“Diabetes. There is a presumption out there that old people won’t get diabetes if they are not fat. Wrong. You will find that age is more determinant than weight.”
From the CDC: “If you have diabetes, your body either doesn’t make enough insulin or can’t use the insulin it makes as well as it should. When there isn’t enough insulin or cells stop responding to insulin, too much blood sugar stays in your bloodstream.”
Diabetes is not normally caused by our bodies producing too little insulin, but by our bodies no longer responding correctly to insulin. That is caused primarily by eating too much starch too frequently, causing spikes in blood sugar and thus insulin until, over time, our bodies become immune to it.
“The prevalence of diabetes mellitus increases with age; it occurs in approximately 10 percent of Americans 60 years of age and in 16 to 20 percent of those 80 years old....and it is estimated that an additional 20 percent of the elderly population has age-associated hyperglycemia, which may be part of a spectrum between normality and type II diabetes....Thus, 40 percent of our senior population has abnormal carbohydrate tolerance and is at risk for diabetic-type chronic complications.”
https://pubmed.ncbi.nlm.nih.gov/3518443/
That is not a factor of age but of bad eating patterns. Eat bad enough long enough and it WILL affect you. But we can CHOOSE to eat well.....

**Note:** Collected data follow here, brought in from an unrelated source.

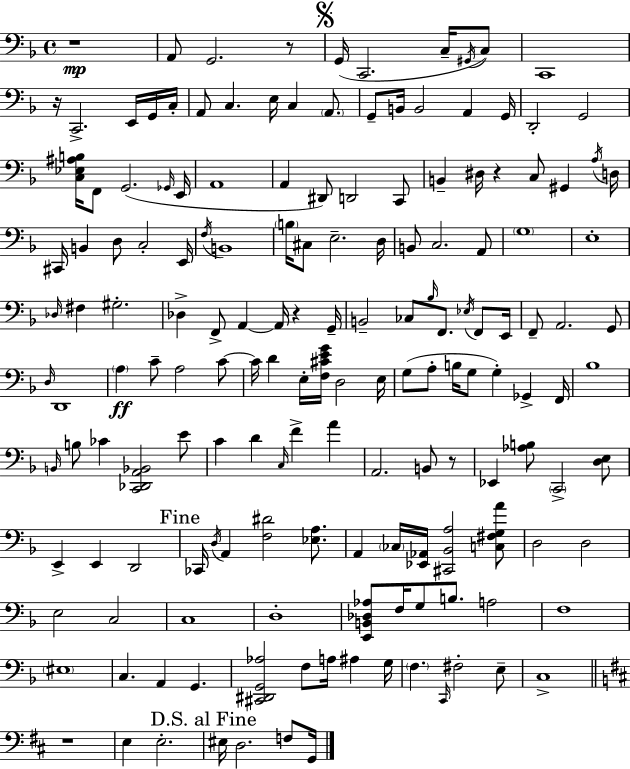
{
  \clef bass
  \time 4/4
  \defaultTimeSignature
  \key d \minor
  r1\mp | a,8 g,2. r8 | \mark \markup { \musicglyph "scripts.segno" } g,16( c,2. c16-- \acciaccatura { gis,16 }) c8 | c,1 | \break r16 c,2.-> e,16 g,16 | c16-. a,8 c4. e16 c4 \parenthesize a,8. | g,8-- b,16 b,2 a,4 | g,16 d,2-. g,2 | \break <c ees ais b>16 f,8 g,2.( | \grace { ges,16 } e,16 a,1 | a,4 dis,8) d,2 | c,8 b,4-- dis16 r4 c8 gis,4 | \break \acciaccatura { a16 } d16 cis,16 b,4 d8 c2-. | e,16 \acciaccatura { f16 } b,1 | \parenthesize b16 cis8 e2.-- | d16 b,8 c2. | \break a,8 \parenthesize g1 | e1-. | \grace { des16 } fis4 gis2.-. | des4-> f,8-> a,4~~ a,16 | \break r4 g,16-- b,2-- ces8 \grace { bes16 } | f,8. \acciaccatura { ees16 } f,8 e,16 f,8-- a,2. | g,8 \grace { d16 } d,1 | \parenthesize a4\ff c'8-- a2 | \break c'8~~ c'16 d'4 e16-. <f cis' e' g'>16 d2 | e16 g8( a8-. b16 g8 g4-.) | ges,4-> f,16 bes1 | \grace { b,16 } b8 ces'4 <c, des, a, bes,>2 | \break e'8 c'4 d'4 | \grace { c16 } f'4-> a'4 a,2. | b,8 r8 ees,4 <aes b>8 | \parenthesize c,2-> <d e>8 e,4-> e,4 | \break d,2 \mark "Fine" ces,16 \acciaccatura { d16 } a,4 | <f dis'>2 <ees a>8. a,4 \parenthesize ces16 | <ees, aes,>16 <cis, bes, a>2 <c fis g a'>8 d2 | d2 e2 | \break c2 c1 | d1-. | <e, b, des aes>8 f16 g8 | b8. a2 f1 | \break \parenthesize eis1 | c4. | a,4 g,4. <cis, dis, g, aes>2 | f8 a16 ais4 g16 \parenthesize f4. | \break \grace { c,16 } fis2-. e8-- c1-> | \bar "||" \break \key b \minor r1 | e4 e2.-. | \mark "D.S. al Fine" eis16 d2. f8 g,16 | \bar "|."
}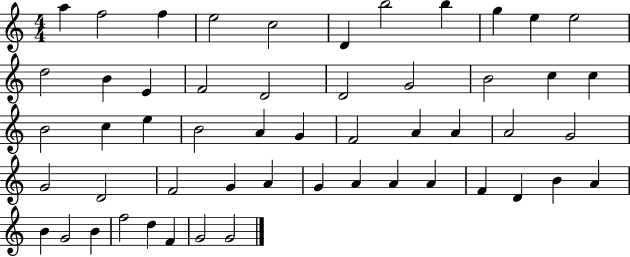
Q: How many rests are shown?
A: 0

Hyertension? What is it? Are you using the new American standards, the old ones, the European standards? The new standards are STUPID and violating the new standards will not cause increased risk with COVID. Systolic blood pressure of 140 isn’t dangerous unless it is caused by gunked up arteries. But the government makes no attempt to figure out WHY someone has blood pressure because their simplistic studies only track populations, not cause/effect.
“Hypertension just happens with age. It doesn’t need obesity to happen. Age is what does it.”
Small increases with age are normal even if healthy, but the statistics of risk always include those whose blood pressure when way up due to bad health habits - smoking, drinking, obesity, etc.
“Blood Pressure: How High is Too High and How Do I Lower it Safely?”:
https://www.youtube.com/watch?v=j314amPw4RQ
That’s good data on diabetes, but you are dancing around the text the correlated to age.
But mostly I thumbs up your issue of the new year 2017 hypertension standards. There is a bit of a fight between some official cardiology organization and an official family practice organization. The 140 systolic number is the battlefield for the fight. The cardiologists want thiazides forced onto people to get them below 120 systolic. The family practice people say this is flat out dangerous in the elderly because of dizziness and falls.
The study showed the vast majority of longevity benefit was lowering systolic from 180 or 170 or whatever down to 140. Below 140 there was still statistically significant benefit, but it was marginal. The family practice people yell about that. Risking falls to increase longevity a couple of days.